Poll: DC is a mess
McClatchy Newspapers
WASHINGTON
Washington has its moments when the nation’s capital shines for all the world to see. Inaugurations. the Fourth of July.
This isn’t one of them.
Recent days instead have shown Washington at its worst. An ethics mess in the House of Representatives, even in its ethics committee. A nasty fight over spending in the Senate with the two major parties scrambling for political advantage rather than helping Americans in need.
The White House exploding in leaks and back- stabbing over who’s to blame for the failures of President Barack Obama’s first year. Lobbyists flooding the capital to stop financial revisions. One senator, Ben Nelson, D-Neb., holding up the health-care overhaul to get special terms for his state. Another, Richard Shelby, R-Ala., blocking 70 presidential appointees to get help in getting projects for his state.

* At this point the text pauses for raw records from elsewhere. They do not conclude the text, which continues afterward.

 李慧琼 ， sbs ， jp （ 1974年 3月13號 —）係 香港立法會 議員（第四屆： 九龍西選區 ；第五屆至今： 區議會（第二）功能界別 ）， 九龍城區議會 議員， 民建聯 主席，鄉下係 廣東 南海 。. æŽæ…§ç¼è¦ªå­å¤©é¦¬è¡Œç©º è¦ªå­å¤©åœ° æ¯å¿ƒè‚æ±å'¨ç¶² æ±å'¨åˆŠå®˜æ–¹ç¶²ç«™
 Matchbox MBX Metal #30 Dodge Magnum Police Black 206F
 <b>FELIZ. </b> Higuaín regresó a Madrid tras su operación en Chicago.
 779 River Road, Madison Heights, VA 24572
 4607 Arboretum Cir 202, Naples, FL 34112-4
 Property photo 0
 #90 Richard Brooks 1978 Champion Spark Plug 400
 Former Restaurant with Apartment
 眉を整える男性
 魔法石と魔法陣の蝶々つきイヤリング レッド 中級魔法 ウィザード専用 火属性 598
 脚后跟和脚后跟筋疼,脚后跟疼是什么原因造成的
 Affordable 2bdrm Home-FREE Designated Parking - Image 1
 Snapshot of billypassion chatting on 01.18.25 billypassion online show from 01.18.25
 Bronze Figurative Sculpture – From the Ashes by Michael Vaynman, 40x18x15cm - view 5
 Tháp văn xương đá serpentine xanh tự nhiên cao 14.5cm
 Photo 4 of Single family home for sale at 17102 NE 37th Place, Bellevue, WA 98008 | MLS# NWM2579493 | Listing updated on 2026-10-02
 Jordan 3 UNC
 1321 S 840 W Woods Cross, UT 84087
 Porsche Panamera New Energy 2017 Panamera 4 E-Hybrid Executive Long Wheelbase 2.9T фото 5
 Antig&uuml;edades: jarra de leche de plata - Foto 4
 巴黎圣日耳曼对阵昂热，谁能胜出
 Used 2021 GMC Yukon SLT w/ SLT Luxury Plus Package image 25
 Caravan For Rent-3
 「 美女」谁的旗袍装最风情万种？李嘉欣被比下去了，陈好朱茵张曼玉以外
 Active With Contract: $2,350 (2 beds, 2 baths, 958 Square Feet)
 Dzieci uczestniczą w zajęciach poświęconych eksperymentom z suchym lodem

The result? Four out of five Americans say Washington is so caught up in its own political intrigues that it can’t even begin to fix the nation’s big problems.
“Washington looks totally dysfunctional right now. They can’t seem to get even the most basic problems solved or even addressed,” said Whit Ayres, a Republican pollster. “It looks paralyzed by gridlock, by partisan sniping. And the country’s fed up with it.”
A new McClatchy-Ipsos poll underscored the sentiment, with 80 percent of Americans saying that Washington is broken and unable to function. The survey also found that those Americans who blame either party are pretty evenly split over whether to blame the Democrats or the Republicans.
There’s little doubt, however, that public dismay at all this is fueling the rise of “tea party” rage, Sarah Palin populism and even Jon Stewart’s mordant comic commentary on current events.
The Democrats, of course, vowed to change Washington. Obama in 2008 promised a post-partisan politics and a Washington that would do the people’s business in the open, unbowed by lobbyists. Rep. Nancy Pelosi, D-Calif., in 2006 promised an era of bipartisanship once her party took control of Congress, and “the most honest, most open and most ethical Congress in history.”
It doesn’t look that way right now.
The House ethics committee late last month admonished Rep. Charles Rangel, D-N.Y., the chairman of the House Ways and Means Committee and one of the top Democrats in Congress, for taking corporate-financed trips to the Caribbean. Within days, he had to step down from his committee post at the very moment it should be at the center of important national issues.
Further, the Senate was tied up for days when Sen. Jim Bunning, R-Ky., tried to force it to cut spending on one program to pay for new spending on other urgent priorities, such as extending unemployment benefits.